THE TASK:
Everything below from the line with "George H.W. Bush" through the line with "The Ophelia Ring" should be copied exactly, and nothing else; leave out the pictures.

RECORDS SHOWN:
+ + + + + + +

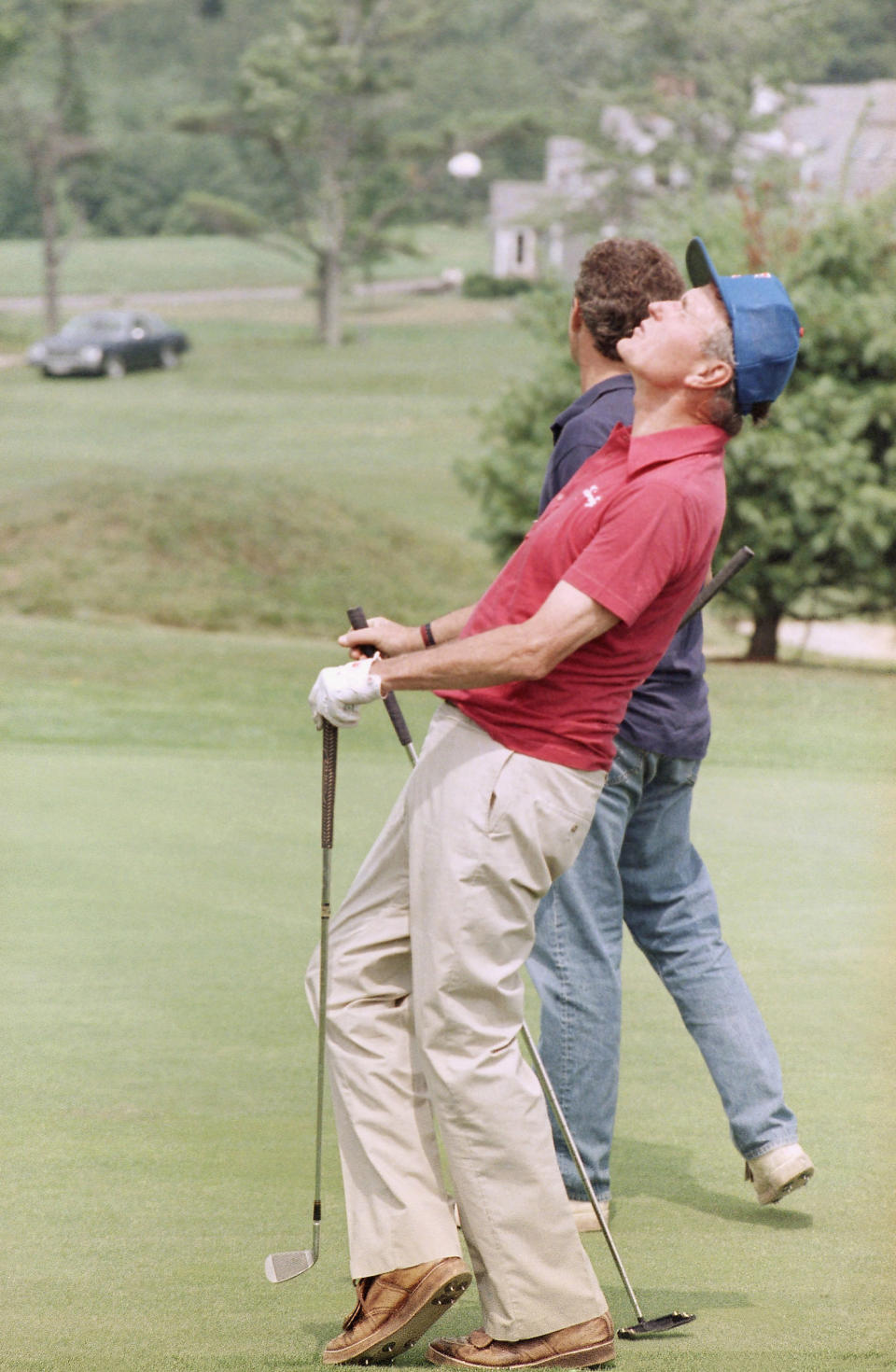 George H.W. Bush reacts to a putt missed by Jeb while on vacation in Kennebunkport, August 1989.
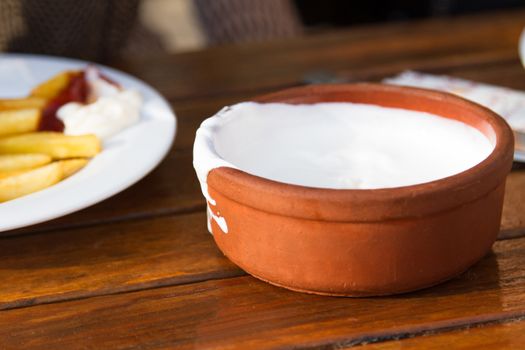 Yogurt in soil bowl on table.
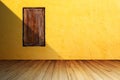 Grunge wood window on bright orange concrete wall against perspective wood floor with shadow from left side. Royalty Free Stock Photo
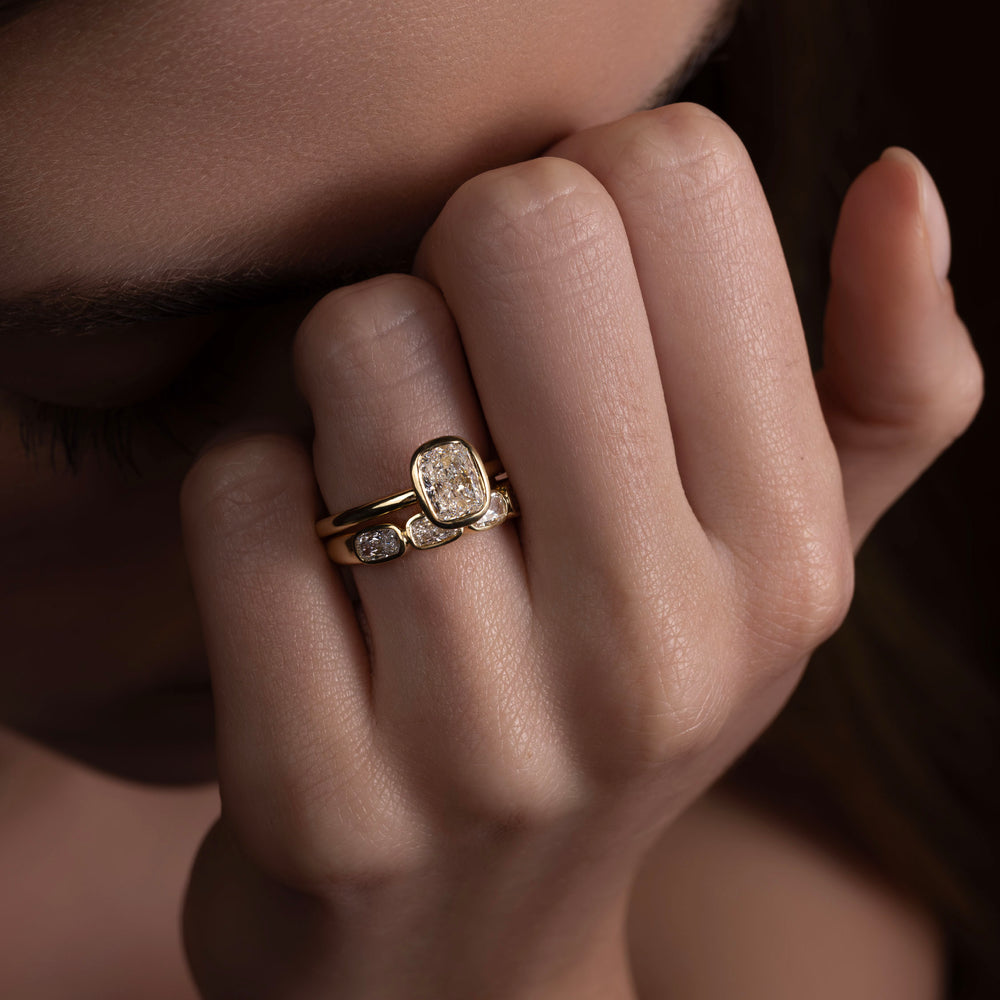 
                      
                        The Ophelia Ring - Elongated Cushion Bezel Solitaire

+ + + + + + +

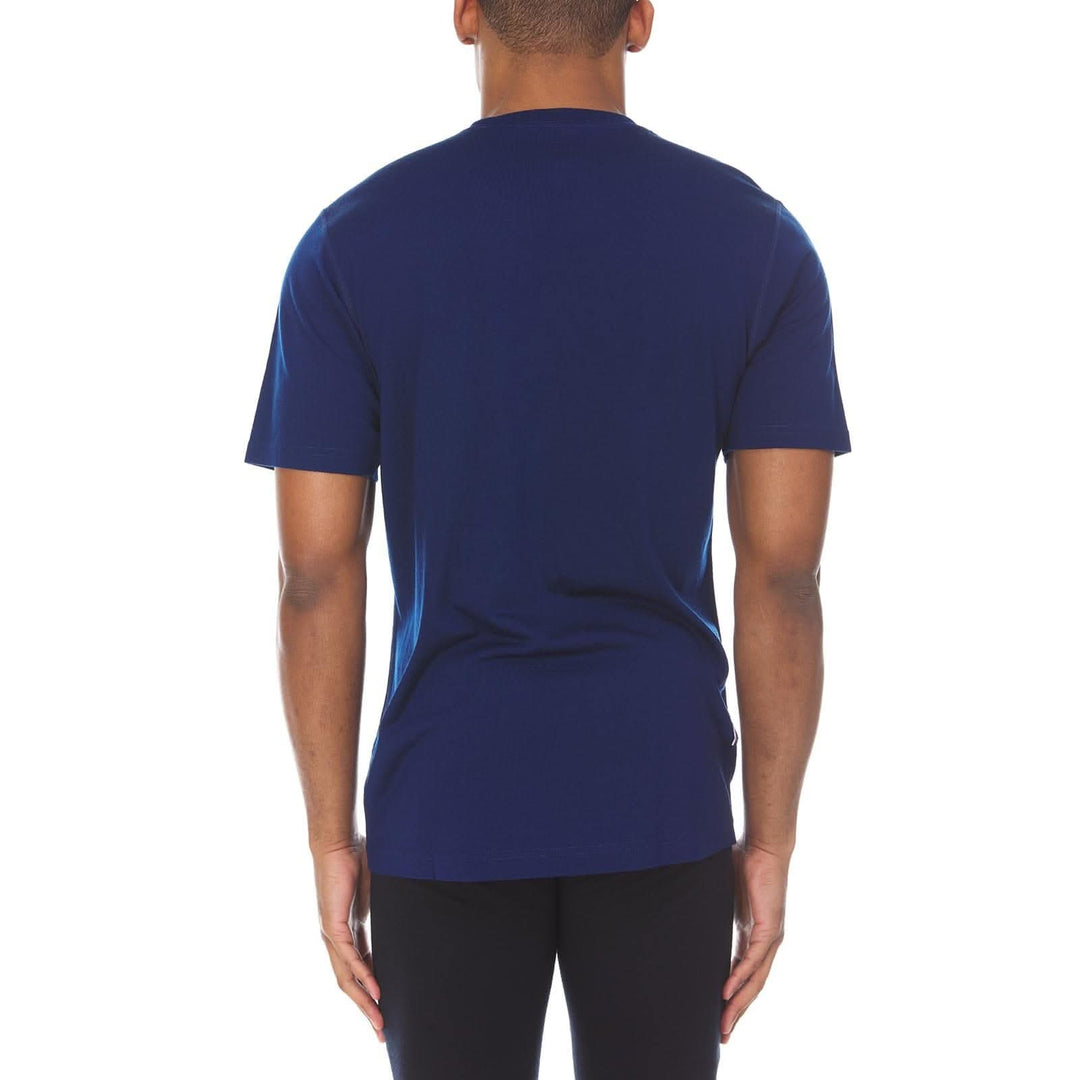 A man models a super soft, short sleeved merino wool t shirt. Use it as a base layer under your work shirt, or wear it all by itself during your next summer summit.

+ + + + + + +

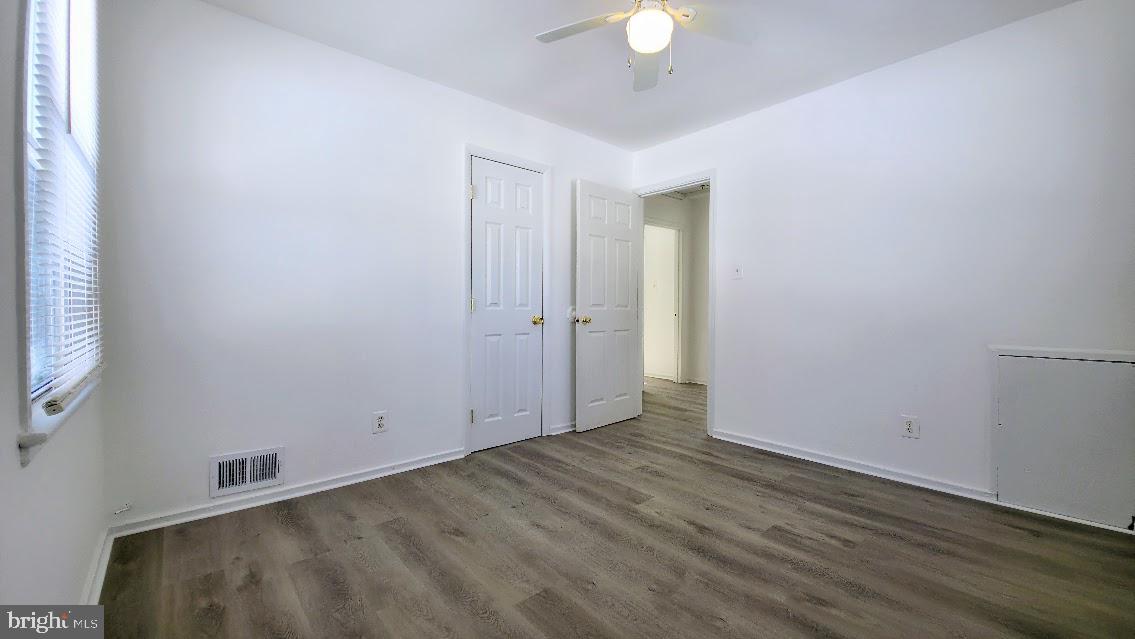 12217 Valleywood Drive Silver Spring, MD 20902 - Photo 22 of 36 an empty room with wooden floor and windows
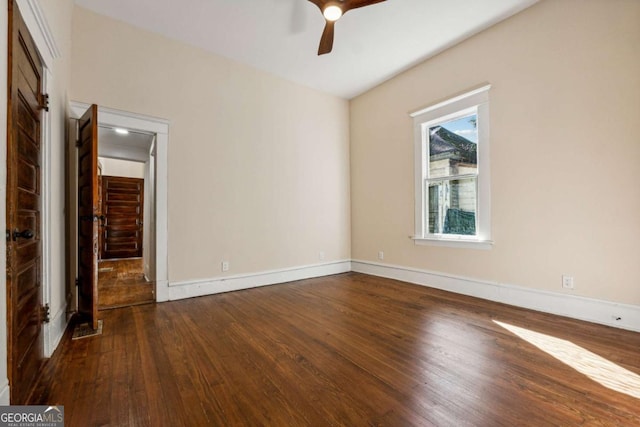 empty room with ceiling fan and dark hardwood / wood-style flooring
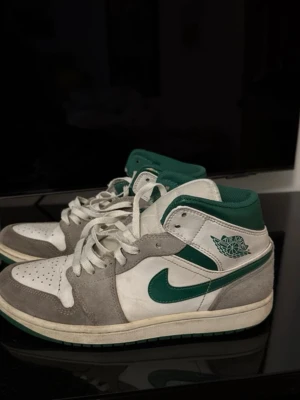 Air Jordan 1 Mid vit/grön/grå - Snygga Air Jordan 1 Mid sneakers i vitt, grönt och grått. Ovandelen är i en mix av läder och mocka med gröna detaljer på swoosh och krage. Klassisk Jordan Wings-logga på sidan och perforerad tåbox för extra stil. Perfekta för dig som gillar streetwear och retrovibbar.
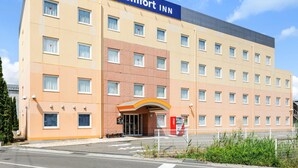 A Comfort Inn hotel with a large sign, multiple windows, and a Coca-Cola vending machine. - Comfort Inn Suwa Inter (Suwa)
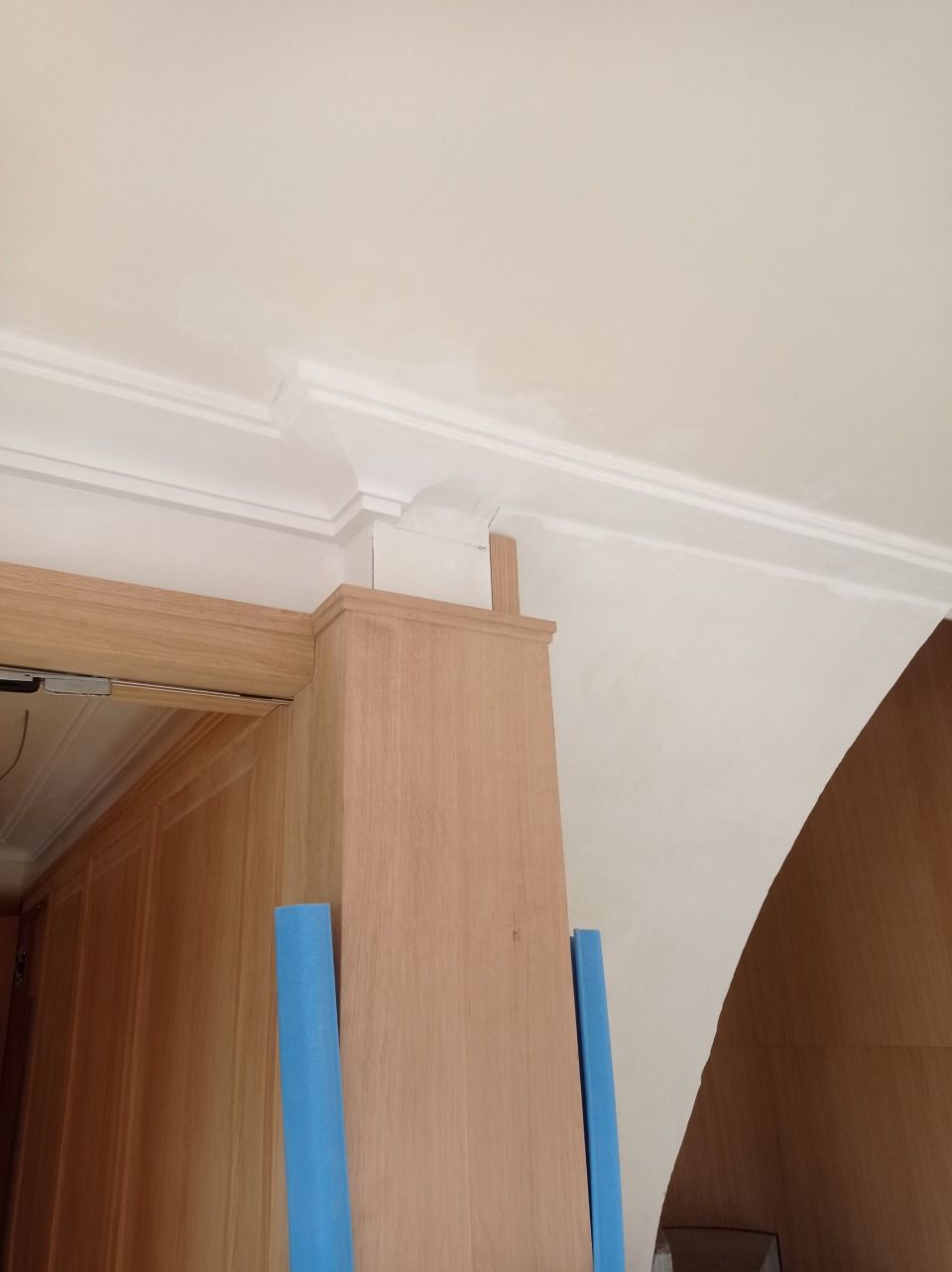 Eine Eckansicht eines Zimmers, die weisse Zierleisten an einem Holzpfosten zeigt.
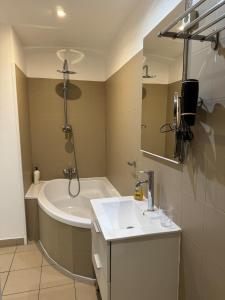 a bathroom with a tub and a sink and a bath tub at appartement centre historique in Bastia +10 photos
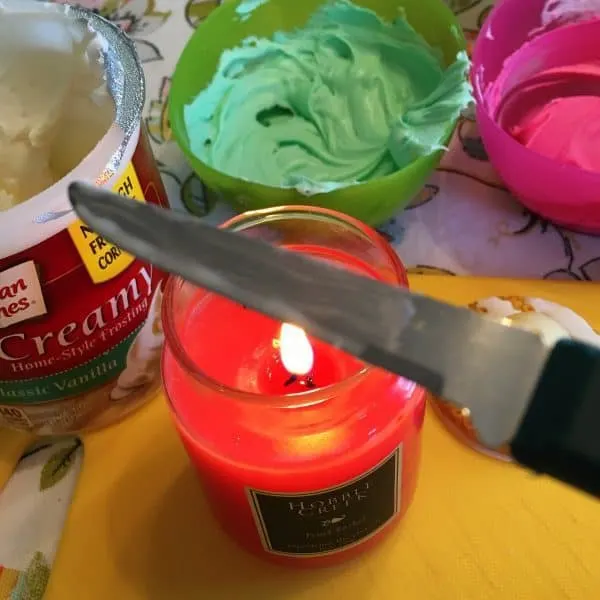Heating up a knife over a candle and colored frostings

+ + + + + + +

TASK SOLUTION:
 George H.W. Bush reacts to a putt missed by Jeb while on vacation in Kennebunkport, August 1989.
 Yogurt in soil bowl on table.
 Grunge wood window on bright orange concrete wall against perspective wood floor with shadow from left side. Royalty Free Stock Photo
                      
                        The Ophelia Ring - Elongated Cushion Bezel Solitaire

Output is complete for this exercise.